Kolaborasi ini menjadi langkah penting dalam menghadirkan jaringan telekomunikasi yang tidak hanya berfungsi sebagai sarana konektivitas, tetapi juga sebagai platform kecerdasan yang mampu mendukung berbagai kebutuhan digital di masa depan.
Senior Vice President Telecoms NVIDIA, Ronnie Vasishta, mengatakan kerja sama tersebut menunjukkan bagaimana jaringan 5G dapat berkembang menjadi infrastruktur yang mendukung integrasi kecerdasan buatan secara lebih luas.
“Indosat dan Nokia menunjukkan bagaimana jaringan 5G dapat berkembang menjadi platform kecerdasan. Dengan mengembangkan AI-RAN secara bersama dan melangkah menuju uji coba lapangan di Indonesia, kami membantu membangun arsitektur di mana AI dan konektivitas dapat berjalan berdampingan untuk meningkatkan efisiensi, menghadirkan aplikasi baru, serta mendukung transformasi digital dalam skala besar,” ujarnya.
Sebagai bagian dari kesepakatan tersebut, Nokia akan menerapkan berbagai teknologi jaringan generasi terbaru, termasuk perangkat radio Habrok dan Pandion, baseband Levante, Centralized RAN, serta platform manajemen dan otomasi jaringan berbasis kecerdasan buatan.
Implementasi teknologi ini diharapkan mampu meningkatkan efisiensi operasional, mempercepat inovasi layanan, serta mendukung pengelolaan jaringan yang lebih cerdas dan hemat energi.
Dalam pengembangannya, teknologi 5G pita frekuensi rendah akan diterapkan di seluruh jaringan Indosat, sementara 5G pita frekuensi menengah ditargetkan menjangkau sekitar 80 persen jaringan dalam kurun waktu tiga setengah tahun ke depan.
Pemanfaatan otomatisasi berbasis AI dan teknologi efisiensi energi juga menjadi bagian penting dari strategi transformasi tersebut.

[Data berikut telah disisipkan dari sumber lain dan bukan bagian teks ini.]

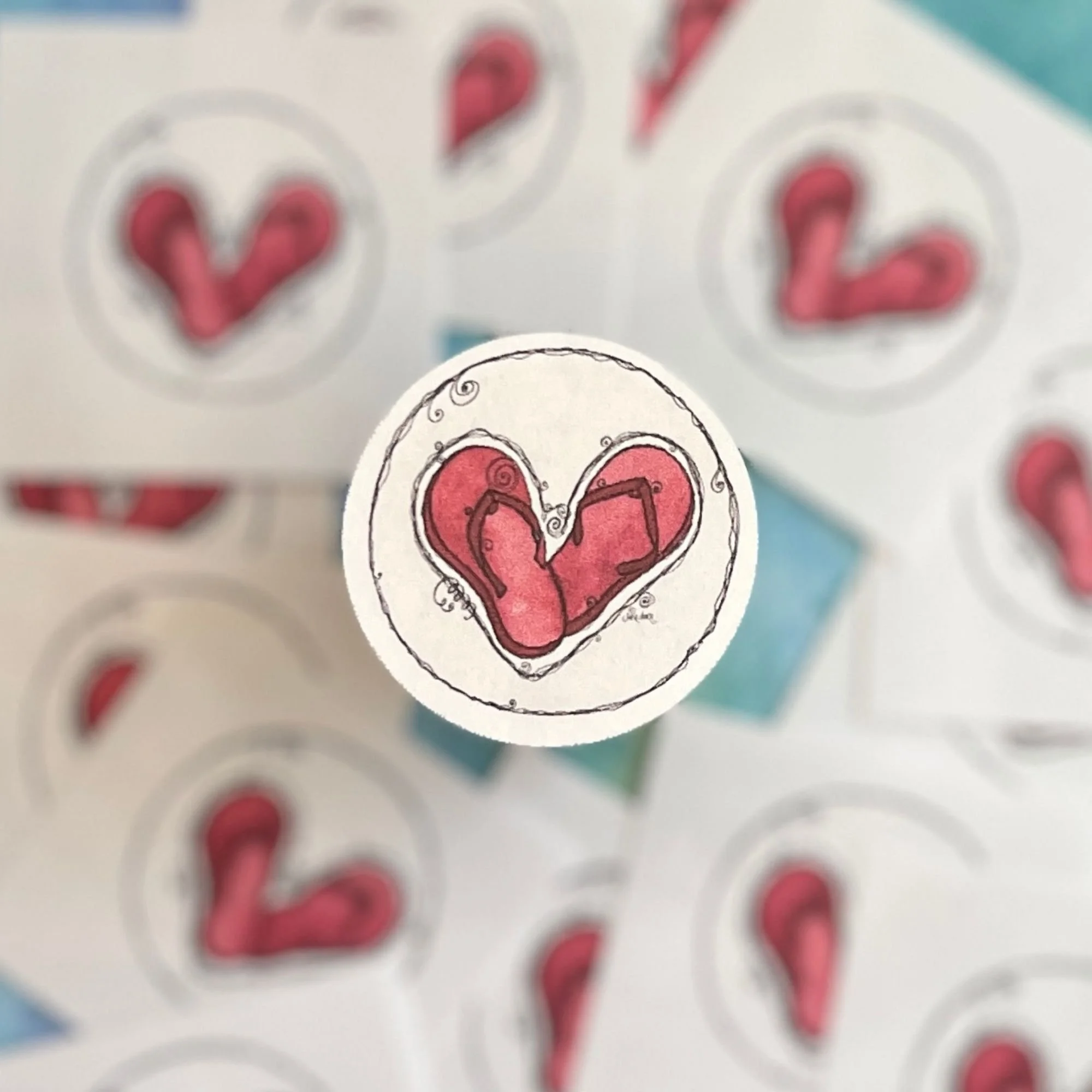 Close-up of Flip Flop Love envelope seal showing red watercolor sandals forming a heart with curly doodle accents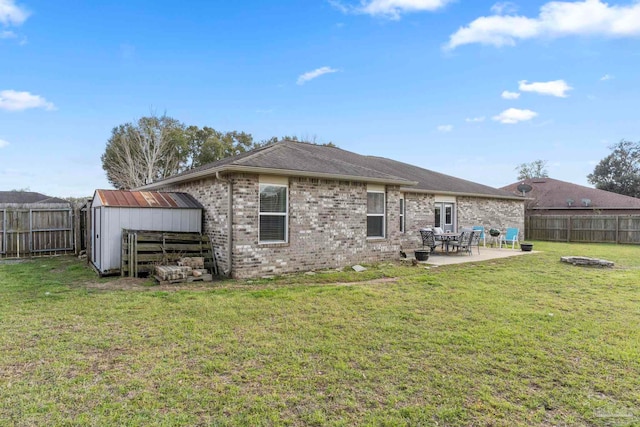 rear view of house with brick siding, a patio area, a lawn, and a fenced backyard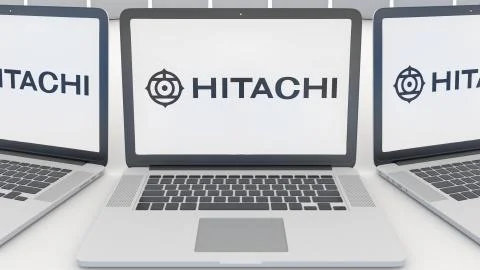 Laptops with Hitachi logo on the screen. Computer technology conceptual Illustrazione stock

Langkah ini diyakini dapat memperkuat keberlanjutan operasional sekaligus mendukung pertumbuhan ekonomi digital nasional.
Kolaborasi antara Indosat, Nokia, dan NVIDIA dinilai menjadi contoh nyata bagaimana teknologi 5G dan kecerdasan buatan dapat berjalan beriringan untuk mempercepat inklusi digital di Indonesia.
Pengembangan jaringan 5G ini akan menjadi fondasi utama bagi pembangunan AI Grid, sementara implementasi AI-RAN membuka peluang hadirnya layanan dan model bisnis baru yang mampu menciptakan nilai tambah bagi berbagai sektor, mulai dari industri, korporasi, hingga layanan publik.
Melalui inisiatif ini, ketiga perusahaan berharap dapat menghadirkan konektivitas yang lebih andal, efisien, dan cerdas untuk mendukung kebutuhan jutaan masyarakat Indonesia di era transformasi digital.